RECORDS SHOWN section start
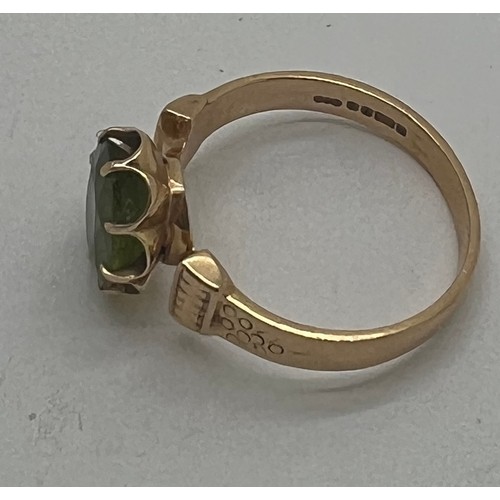 693 - A 14 carat gold ring set with peridot. Size Q. Weight 4.2gm.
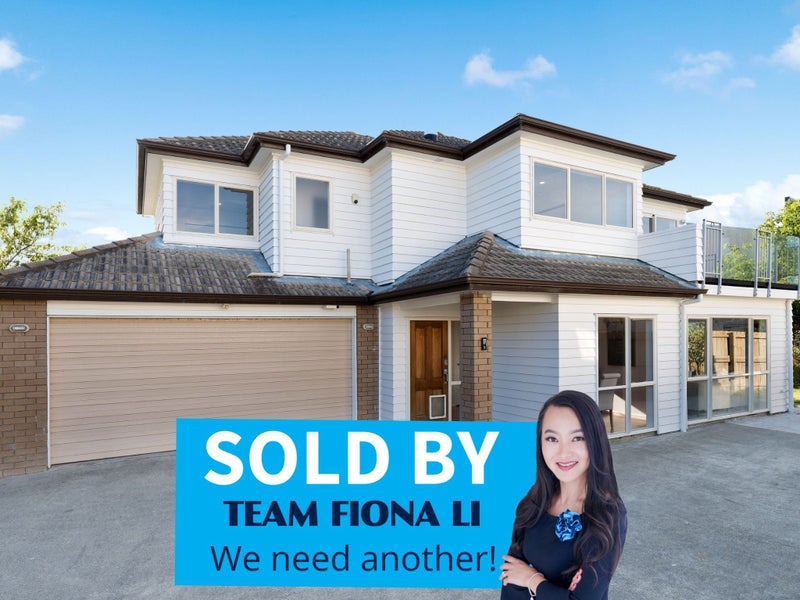 7 Merlot Way, Te Atatu South, Auckland - Carousel 1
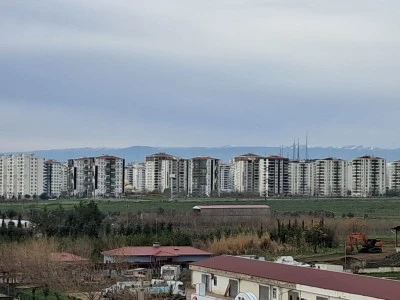 Diyarbakır&rsquo;da Yağışlar Y&uuml;z G&uuml;ld&uuml;rd&uuml;: Karlar Eridi, Toprak Canlandı
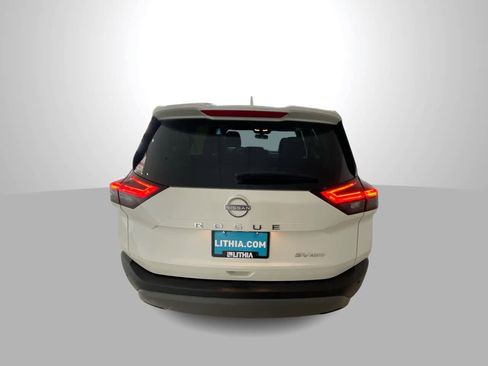 Used 2023 Nissan Rogue SV image 7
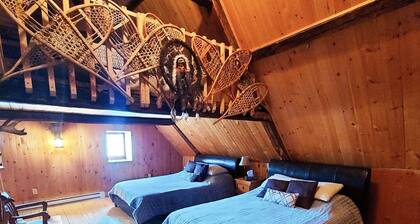 Auberge Le P'tit Bonheur - Hostel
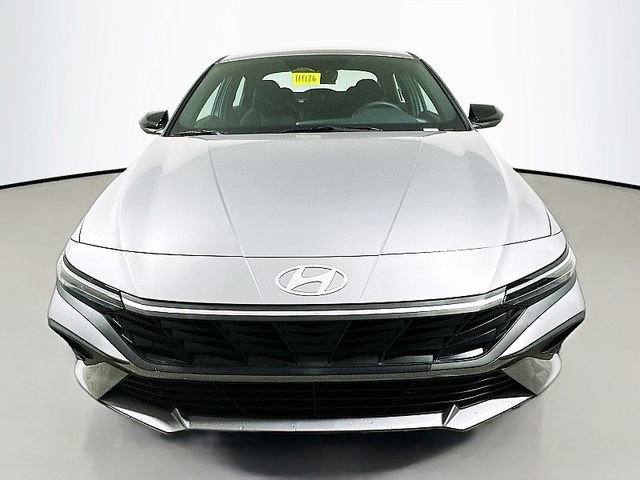 Used 2026 Hyundai Elantra Sport FWD image 2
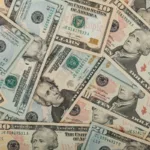 El problema para Washington, sin embargo, no está únicamente en el monto acumulado. Estados Unidos continúa registrando déficits fiscales, lo que significa que el Gobierno gasta más dinero del que recauda y debe recurrir al endeudamiento para financiar parte de sus obligaciones - Foto: Public Domain Photos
RECORDS SHOWN section end
> WORK REQUIRED
Leave the images aside and transcribe all entries exactly.

> FINAL ANSWER
 693 - A 14 carat gold ring set with peridot. Size Q. Weight 4.2gm.
 7 Merlot Way, Te Atatu South, Auckland - Carousel 1
 Diyarbakır&rsquo;da Yağışlar Y&uuml;z G&uuml;ld&uuml;rd&uuml;: Karlar Eridi, Toprak Canlandı
 Used 2023 Nissan Rogue SV image 7
 Auberge Le P'tit Bonheur - Hostel
 Used 2026 Hyundai Elantra Sport FWD image 2
 El problema para Washington, sin embargo, no está únicamente en el monto acumulado. Estados Unidos continúa registrando déficits fiscales, lo que significa que el Gobierno gasta más dinero del que recauda y debe recurrir al endeudamiento para financiar parte de sus obligaciones - Foto: Public Domain Photos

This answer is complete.